With the 2014 Games, I got lucky, as my typically temperate hometown was snowed in for a decent portion of them. Not compelled to leave the house for school, I entombed myself on the couch and watched them almost straight through. This year I’m not so lucky. I’m hovering on the edge of real adulthood. I have school, and worse than school, I have work. There are myriad responsibilities preventing me from achieving my ultimate goal: to become one with the furniture as I cheer on whichever country seems likely to win a particular event. There’s no such thing as country loyalty for me when it comes to watching the Olympics. Patriotism is nonexistent in my attempt to consume as many sports as possible over two weeks to make up for the rest of the time when I consume no sports at all.

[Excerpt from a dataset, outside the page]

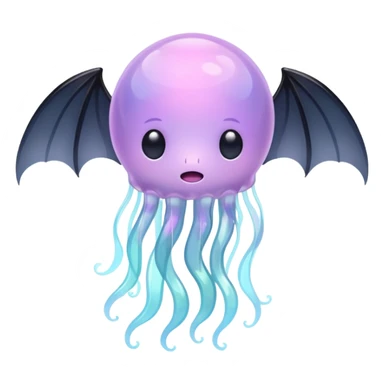dreamy pastel jellyfish with small black bat wings sticker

We’re not even a week into the Winter Olympics, and the cracks in my respectable public façade are already beginning to show. My eyes twitch unnervingly. I steer clear of social media, living in fear of spoilers for events that haven’t even happened yet. Instead of asking my coworkers and classmates if they had a good weekend or how their classes are going, I demand “Did you see _____ event at the Olympics last night?” and shake my head and cluck my tongue when they say no. I am a purist. I am obsessed. I make other people nervous.

Like all true and good things, however, the Winter Olympics will come to an end at some point — most likely in two weeks, at which time I will lurk around my apartment in varying stages of withdrawal. In time, the symptoms will fade. But the disease will lurk somewhere in the back of my mind, ready to spring out in summer 2020.

I am a marathon Olympics watcher. I am unstoppable.